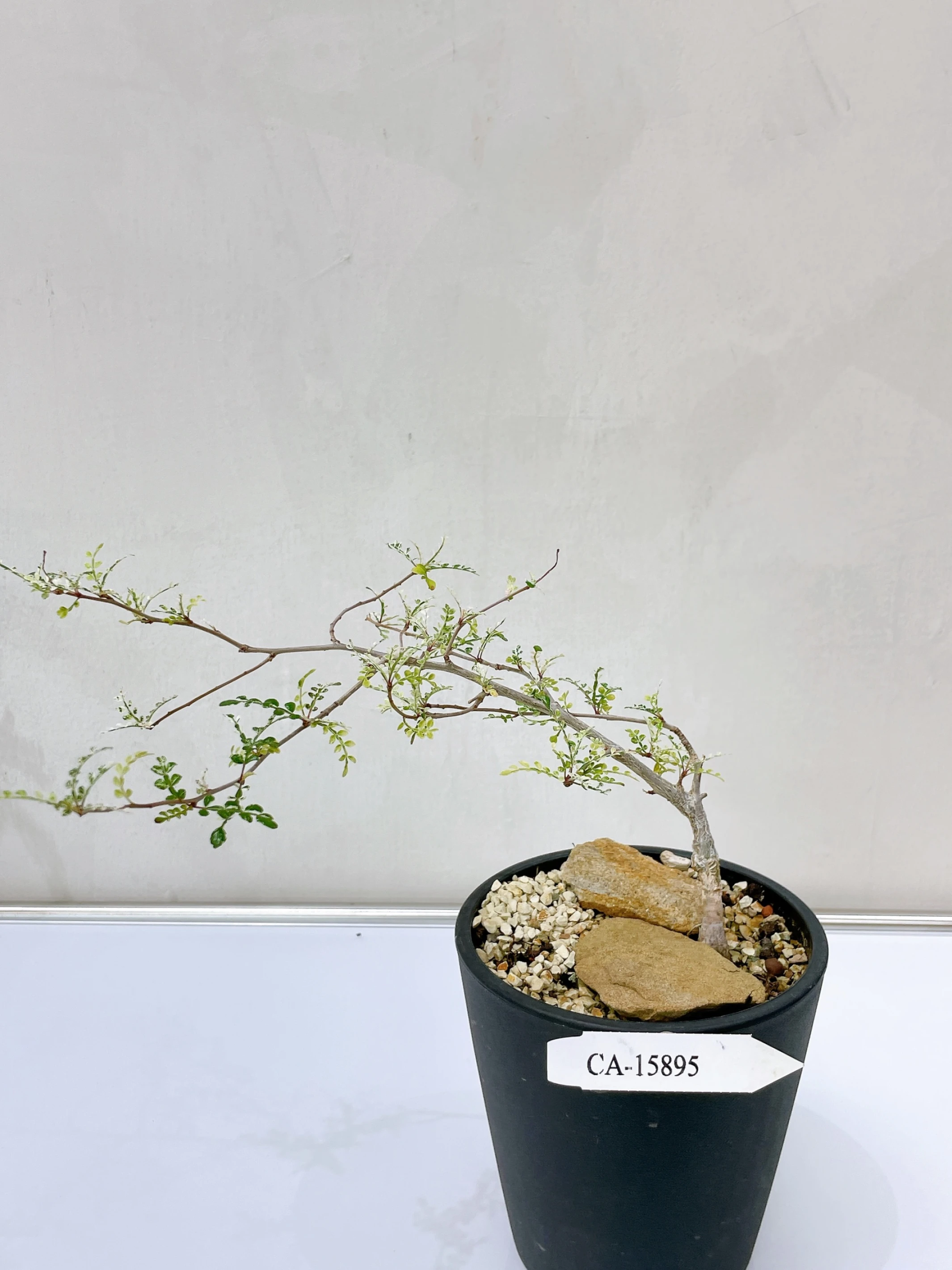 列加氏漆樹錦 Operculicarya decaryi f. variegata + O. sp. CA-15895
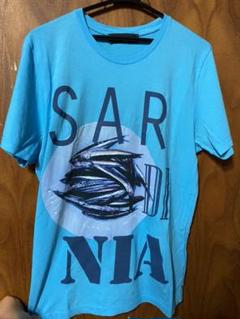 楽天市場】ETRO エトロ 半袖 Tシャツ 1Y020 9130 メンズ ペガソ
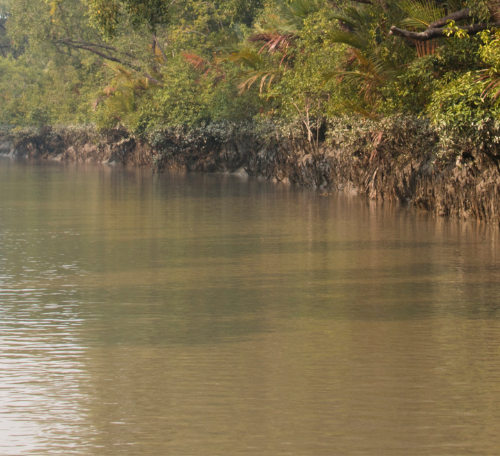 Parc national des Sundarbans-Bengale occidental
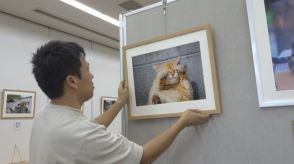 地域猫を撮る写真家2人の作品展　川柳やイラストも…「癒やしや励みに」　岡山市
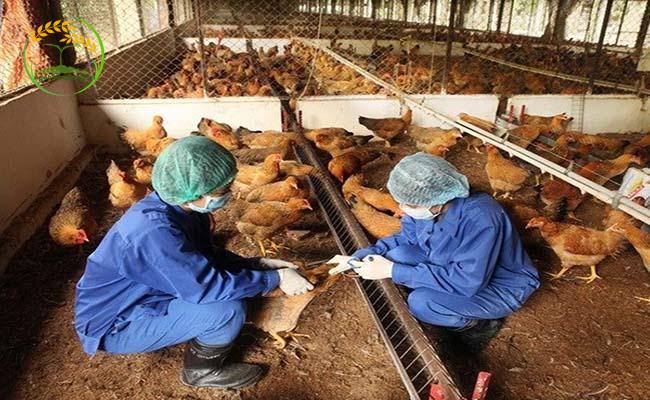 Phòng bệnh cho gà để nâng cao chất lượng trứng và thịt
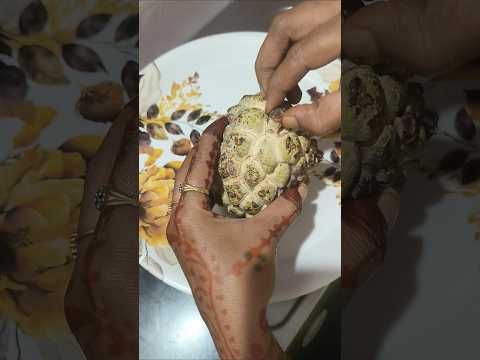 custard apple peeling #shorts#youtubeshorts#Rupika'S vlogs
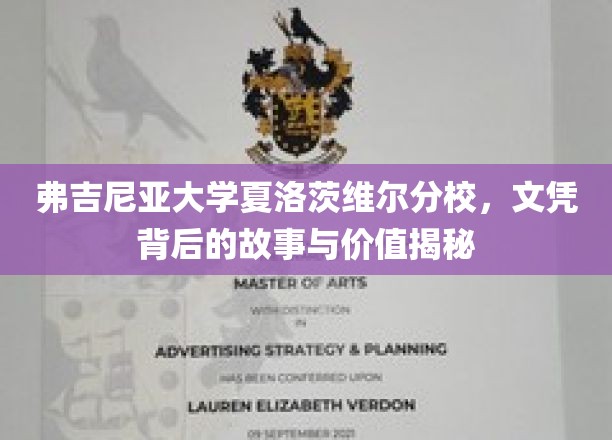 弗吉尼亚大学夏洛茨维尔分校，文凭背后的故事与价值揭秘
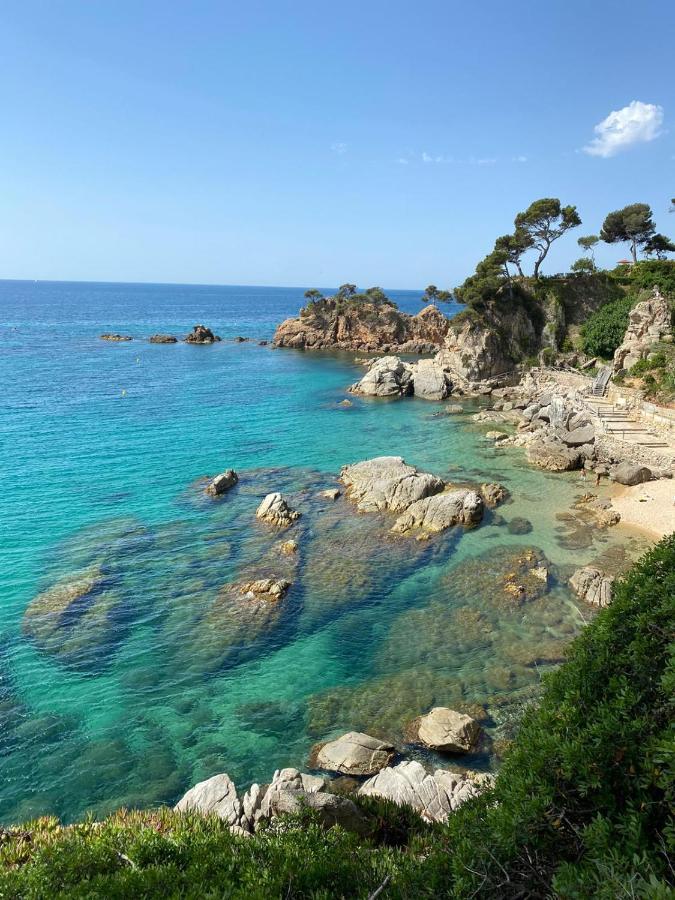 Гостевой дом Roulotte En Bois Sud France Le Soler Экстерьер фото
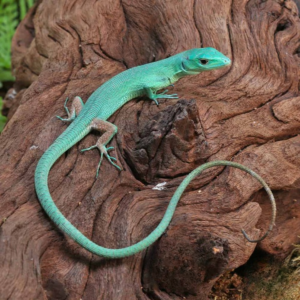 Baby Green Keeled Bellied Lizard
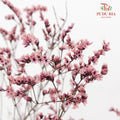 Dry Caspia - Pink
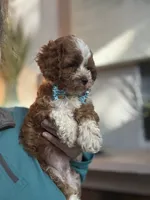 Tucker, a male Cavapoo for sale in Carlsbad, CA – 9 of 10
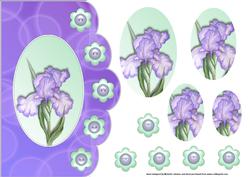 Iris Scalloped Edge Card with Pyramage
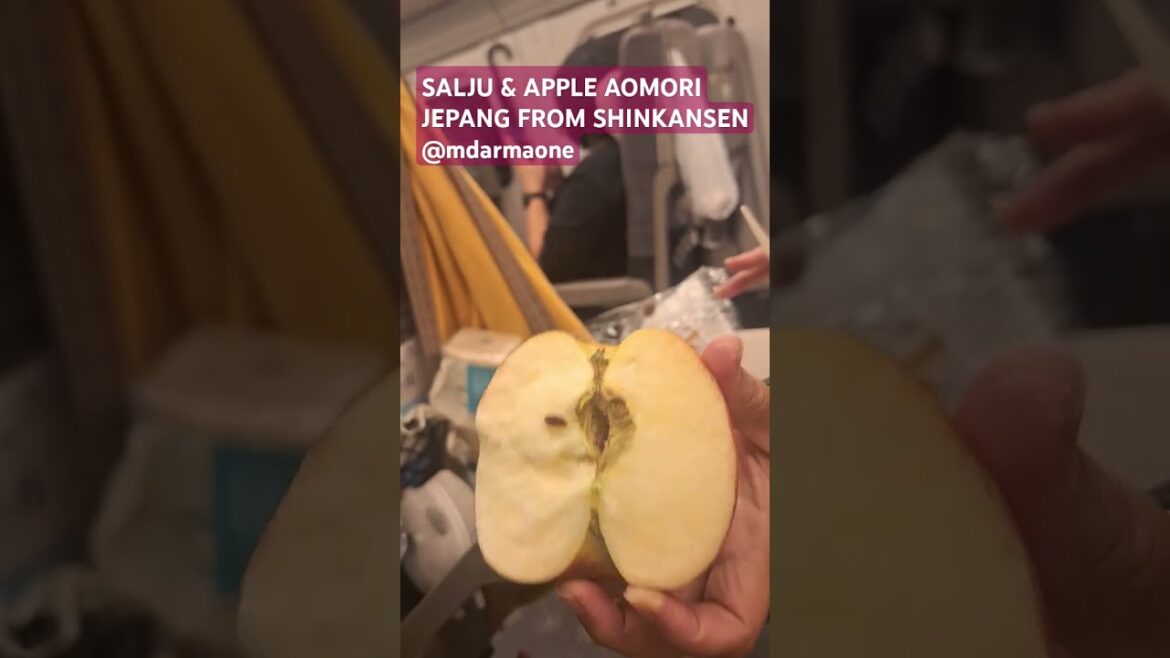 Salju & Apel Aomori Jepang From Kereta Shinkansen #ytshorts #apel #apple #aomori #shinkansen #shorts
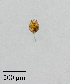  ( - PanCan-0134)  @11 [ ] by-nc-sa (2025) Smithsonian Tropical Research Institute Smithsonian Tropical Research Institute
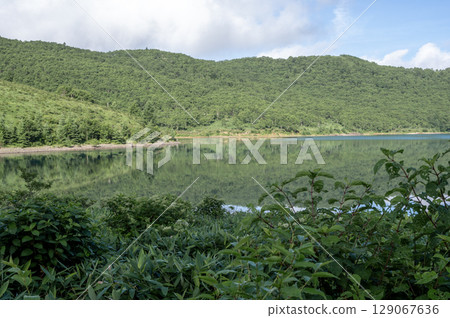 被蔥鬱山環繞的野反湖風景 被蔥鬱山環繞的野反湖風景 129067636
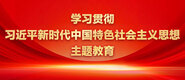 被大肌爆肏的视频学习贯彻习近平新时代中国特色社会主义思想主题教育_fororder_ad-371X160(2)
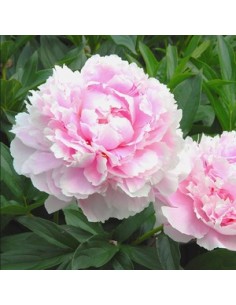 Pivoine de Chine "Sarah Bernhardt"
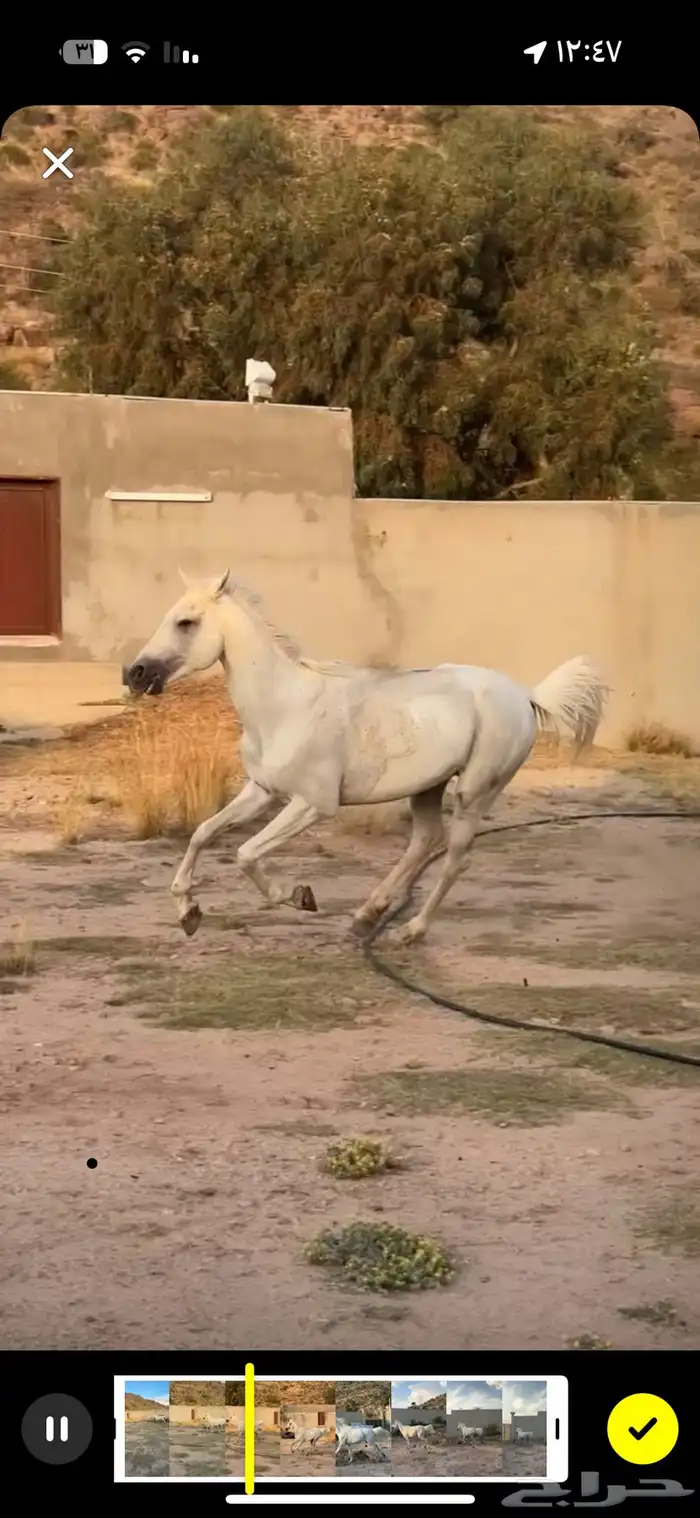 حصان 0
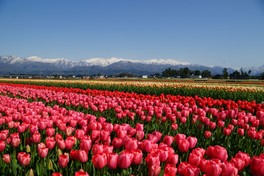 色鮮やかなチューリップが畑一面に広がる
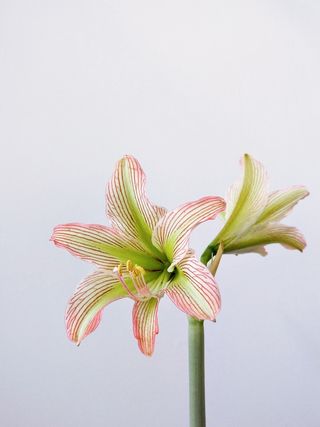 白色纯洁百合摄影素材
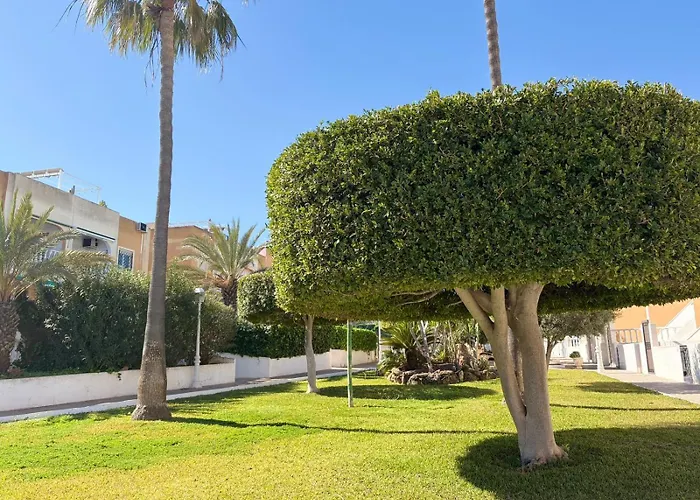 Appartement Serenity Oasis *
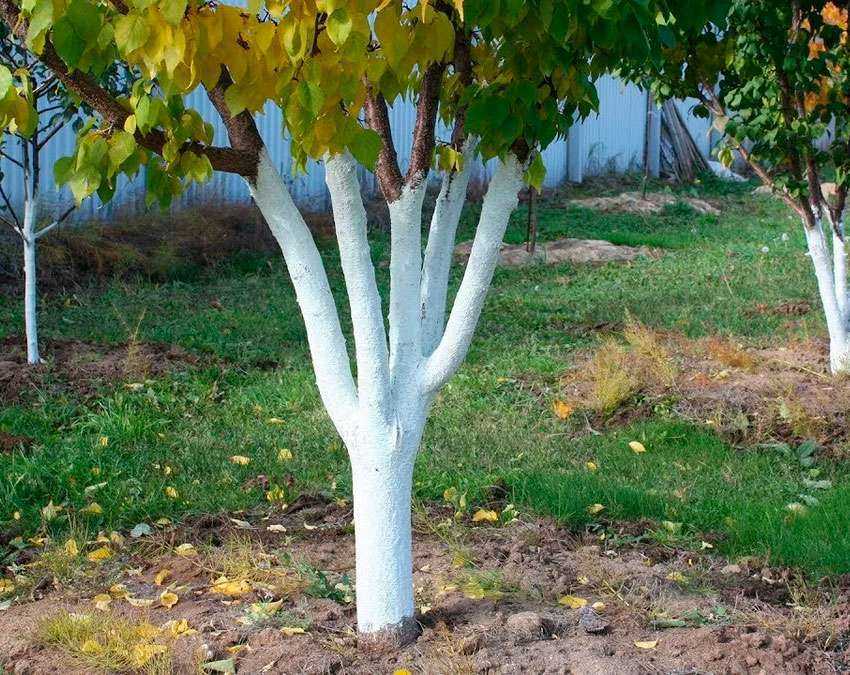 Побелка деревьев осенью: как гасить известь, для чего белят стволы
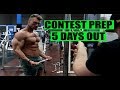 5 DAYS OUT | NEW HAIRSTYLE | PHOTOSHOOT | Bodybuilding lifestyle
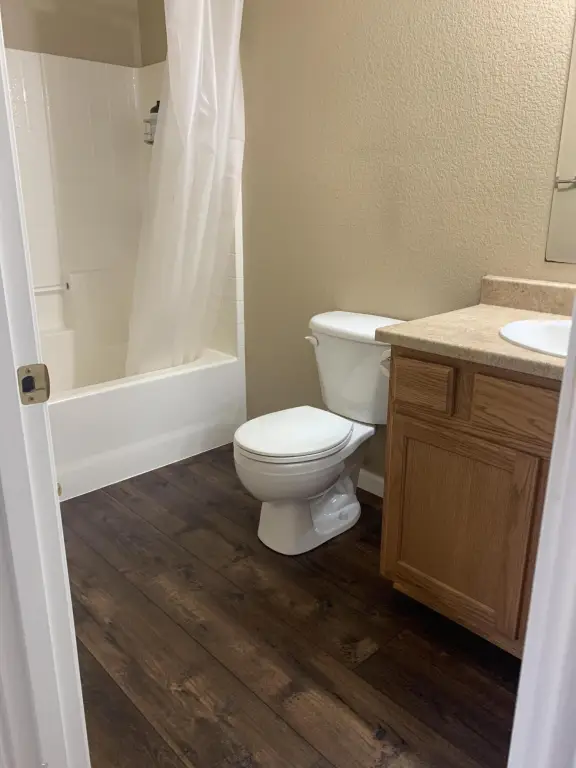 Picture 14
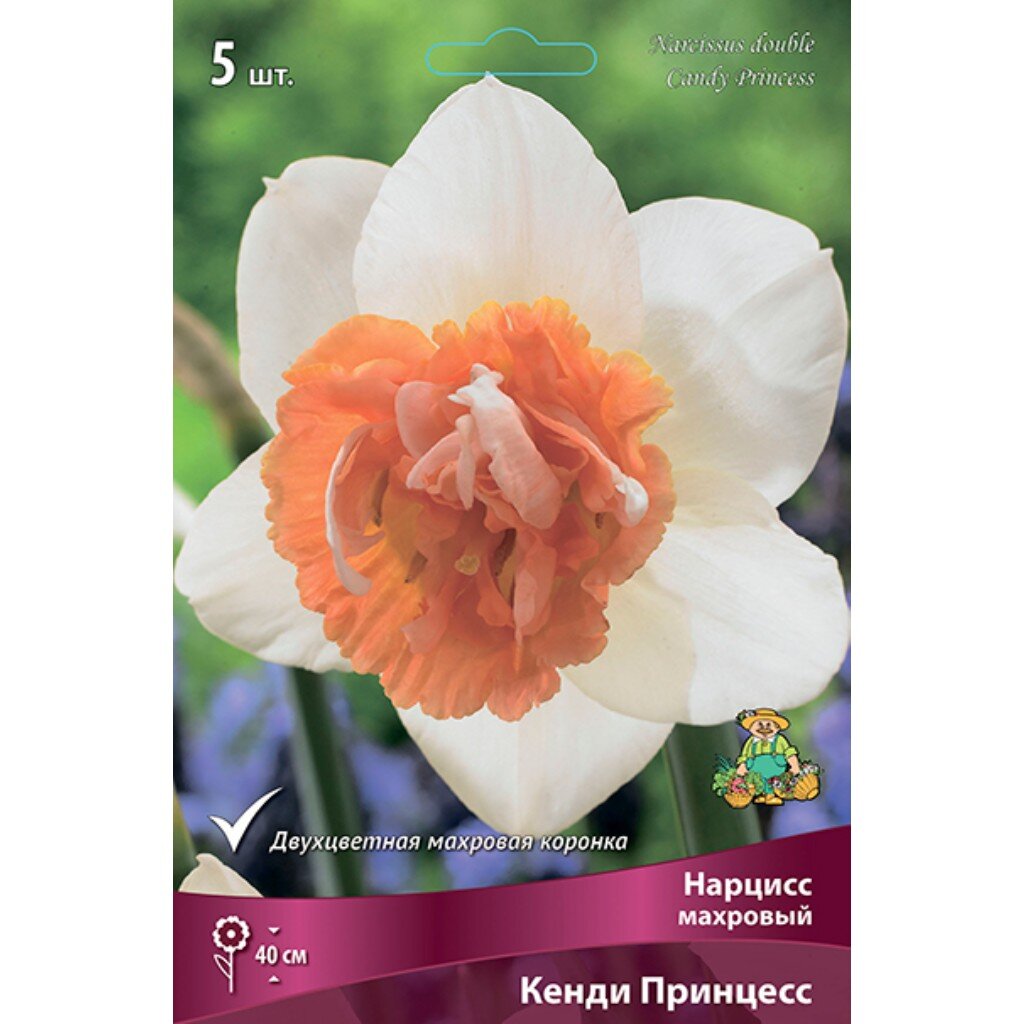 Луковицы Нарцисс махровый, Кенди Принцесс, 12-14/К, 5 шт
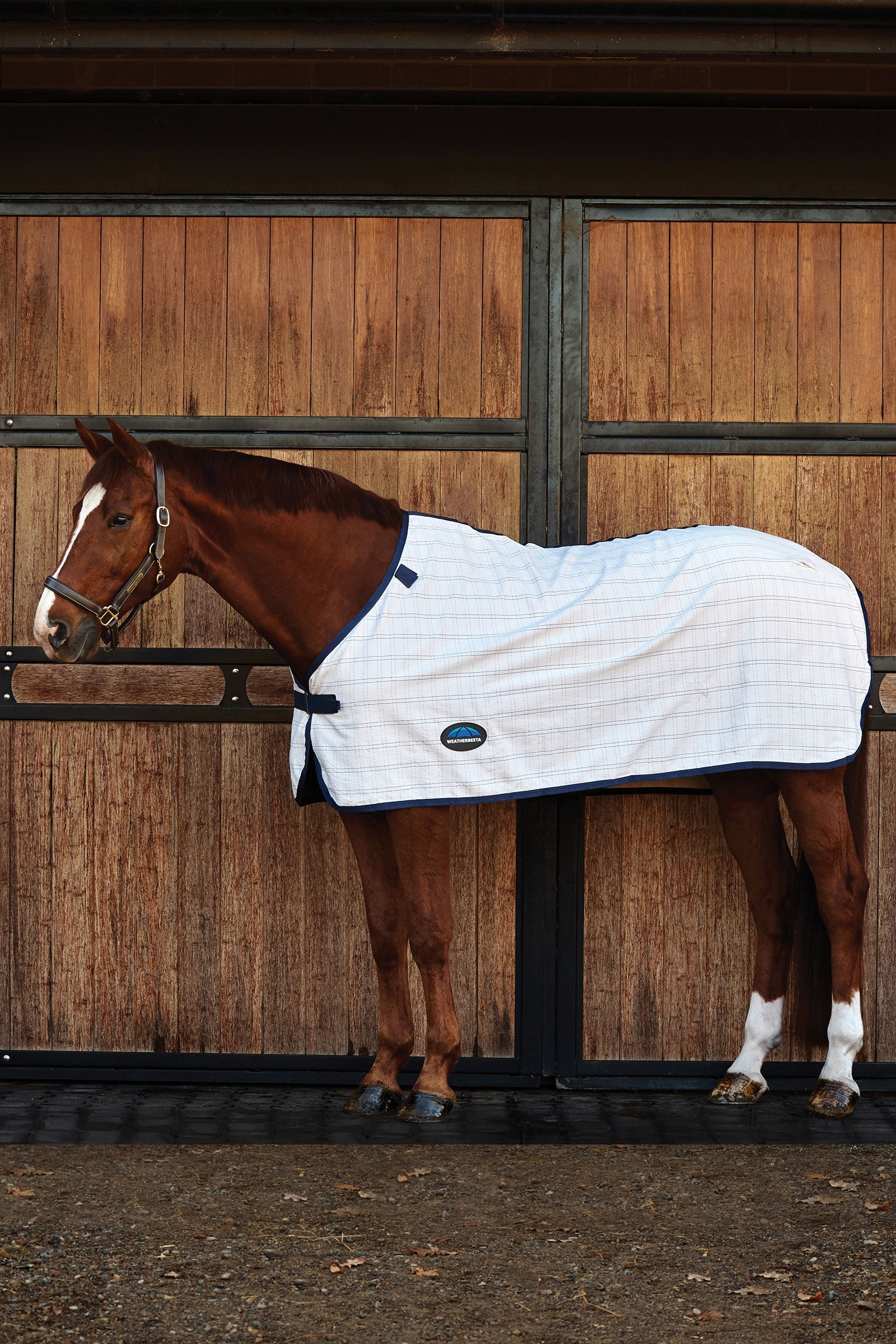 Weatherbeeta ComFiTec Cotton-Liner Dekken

######

Exercise aim: Pictures omitted, give the entries again exactly.

Solution to the problem:
 列加氏漆樹錦 Operculicarya decaryi f. variegata + O. sp. CA-15895
 楽天市場】ETRO エトロ 半袖 Tシャツ 1Y020 9130 メンズ ペガソ
 Parc national des Sundarbans-Bengale occidental
 地域猫を撮る写真家2人の作品展　川柳やイラストも…「癒やしや励みに」　岡山市
 Phòng bệnh cho gà để nâng cao chất lượng trứng và thịt
 custard apple peeling #shorts#youtubeshorts#Rupika'S vlogs
 弗吉尼亚大学夏洛茨维尔分校，文凭背后的故事与价值揭秘
 Гостевой дом Roulotte En Bois Sud France Le Soler Экстерьер фото
 Baby Green Keeled Bellied Lizard
 Dry Caspia - Pink
 Tucker, a male Cavapoo for sale in Carlsbad, CA – 9 of 10
 Iris Scalloped Edge Card with Pyramage
 Salju & Apel Aomori Jepang From Kereta Shinkansen #ytshorts #apel #apple #aomori #shinkansen #shorts
  ( - PanCan-0134)  @11 [ ] by-nc-sa (2025) Smithsonian Tropical Research Institute Smithsonian Tropical Research Institute
 被蔥鬱山環繞的野反湖風景 被蔥鬱山環繞的野反湖風景 129067636
 被大肌爆肏的视频学习贯彻习近平新时代中国特色社会主义思想主题教育_fororder_ad-371X160(2)
 Pivoine de Chine "Sarah Bernhardt"
 حصان 0
 色鮮やかなチューリップが畑一面に広がる
 白色纯洁百合摄影素材
 Appartement Serenity Oasis *
 Побелка деревьев осенью: как гасить известь, для чего белят стволы
 5 DAYS OUT | NEW HAIRSTYLE | PHOTOSHOOT | Bodybuilding lifestyle
 Picture 14
 Луковицы Нарцисс махровый, Кенди Принцесс, 12-14/К, 5 шт
 Weatherbeeta ComFiTec Cotton-Liner Dekken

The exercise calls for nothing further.